Reputation: 1057
I am working on an application at the moment that is using as a caching strategy the reading and writing of data to text files in a read/write directory within the application.
My gut reaction is that this is sooooo wrong.
I am of the opinion that these values should be stored in the ASP.NET Cache or another dedicated in-memory cache such as Redis or something similar.
Can you provide any data to back up my belief that writing to and reading from text files as a form of cache on the webserver is the wrong thing to do? Or provide any data to prove me wrong and show that this is the correct thing to do?
What other options would you provide to implement this caching?
EDIT:
In one example, a complex search is performed based on a keyword. The result from this search is a list of Guids. This is then turned into a concatenated, comma-delimited string, usually less than 100,000 characters. This is then written to a file using that keyword as its name so that other requests using this keyword will not need to perform the complex search. There is an expiry - I think three days or something, but I don't think it needs to (or should) be that long
I would normally use the ASP.NET Server Cache to store this data.
Upvotes: 1
Views: 1262
Reputation: 2962
I can think of four reasons:
Web servers are likely to have many concurrent requests. While you can write logic that manages file locking (mutexes, volatile objects), implementing that is a pain and requires abstraction (an interface) if you plan to be able to refactor it in the future--which you will want to do, because eventually the demand on the filesystem resource will be heavier than what can be addressed in a multithreaded context.
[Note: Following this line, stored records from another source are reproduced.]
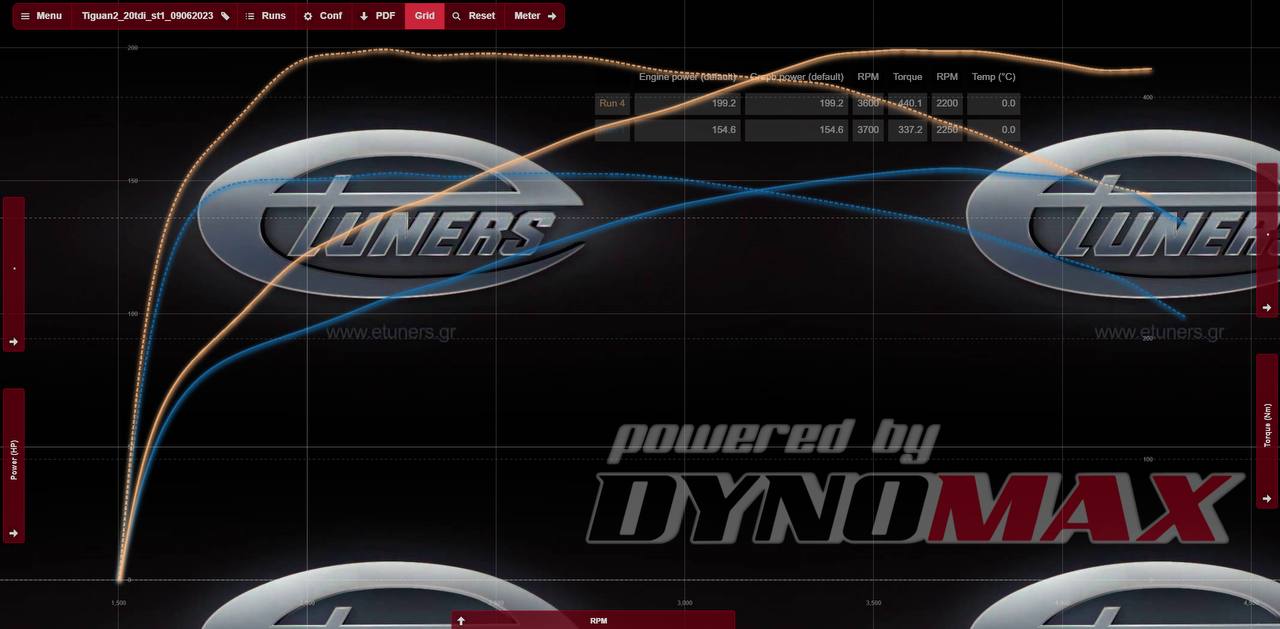 Tiguan 2.0 TDI Stage 1: Increase power and torque!
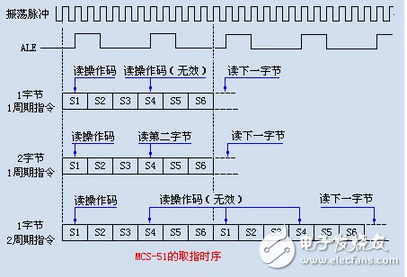 DDR4 vs DDR5内存：谁主时序？  第5张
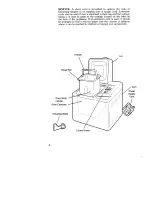 Preview for 6 page of Regal C6741 Manual & Cookbook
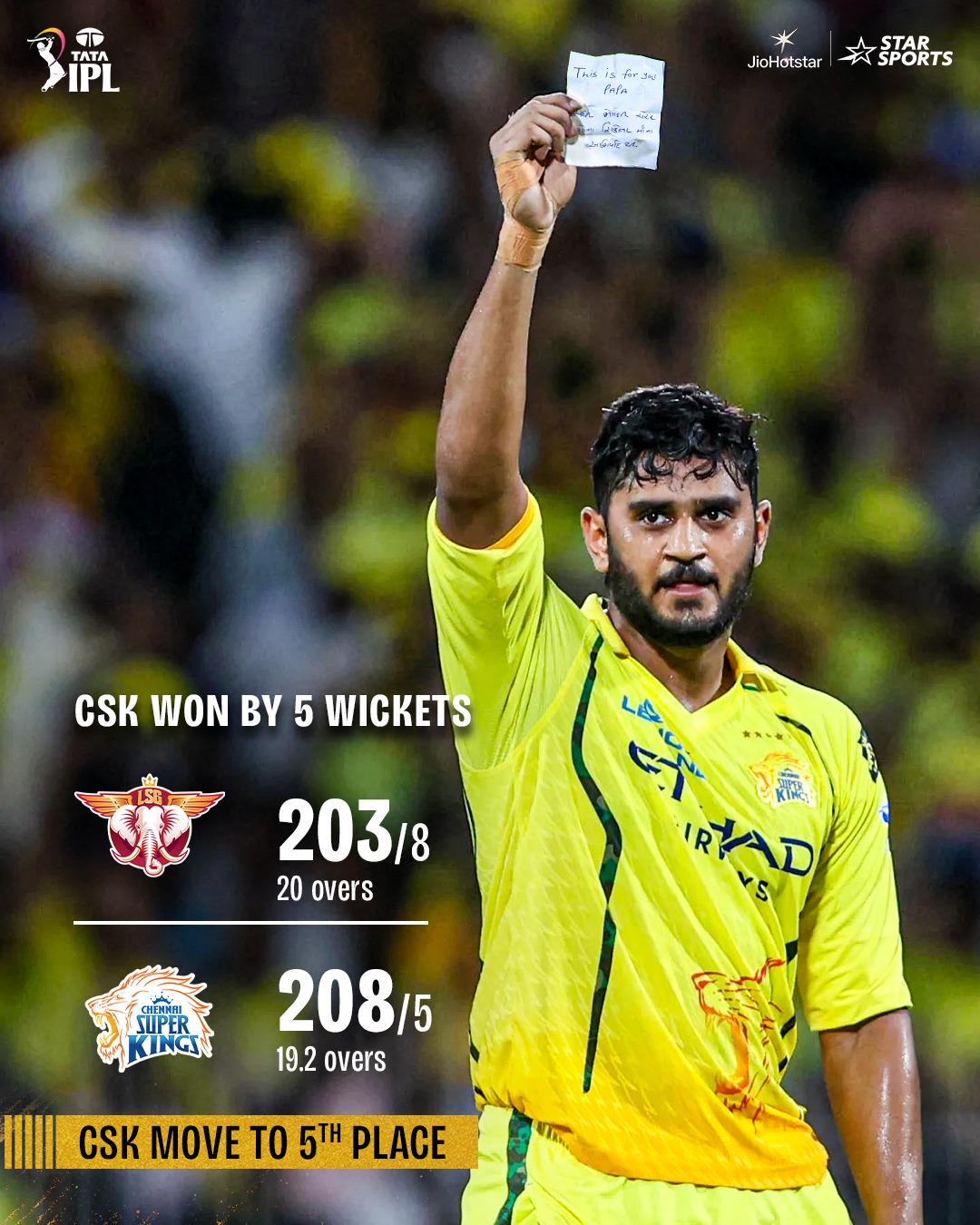 Chennai Super Kings Storm Into Top-5!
Speaking of which, unless you implement paging, you will be reading and writing the entire file every time you access it. That's slow. Even paging is slow compared to an in-memory operation. Compare what you think you can get out of the disks you're using with the Redis benchmarks from New Relic. Feel free to perform your own calculation based on the estimated size of the file and the number of threads waiting to write to it. You will never match an in-memory cache.
Moreover, as previously mentioned, asynchronous filesystem operations have to be managed while waiting for synchronous I/O operations to complete. Meanwhile, you will not have data consistent with the operations the web application executes unless you make the application wait. The only way I know of to fix that problem is to write to and read from a managed system that's fast enough to keep up with the requests coming in, so that the state of your cache will almost always reflect the latest changes.
Finally, since you are talking about a text file, and not a database, you will either be determining your own object notation for key-value pairs, or using some prefabricated format such as JSON or XML. Either way, it only takes one failed operation or one improperly formatted addition to render the entire text file unreadable. Then you either have the option of restoring from backup (assuming you implement version control...) and losing a ton of data, or throwing away the data and starting over. If the data isn't important to you anyway, then there's no reason to use the disk. If the point of keeping things on disk is to keep them around for posterity, you should be using a database. If having a relational database is less important than speed, you can use a NoSQL context such as MongoDB.
In short, by using the filesystem and text, you have to reinvent the wheel more times than anyone who isn't a complete masochist would enjoy.
Upvotes: 4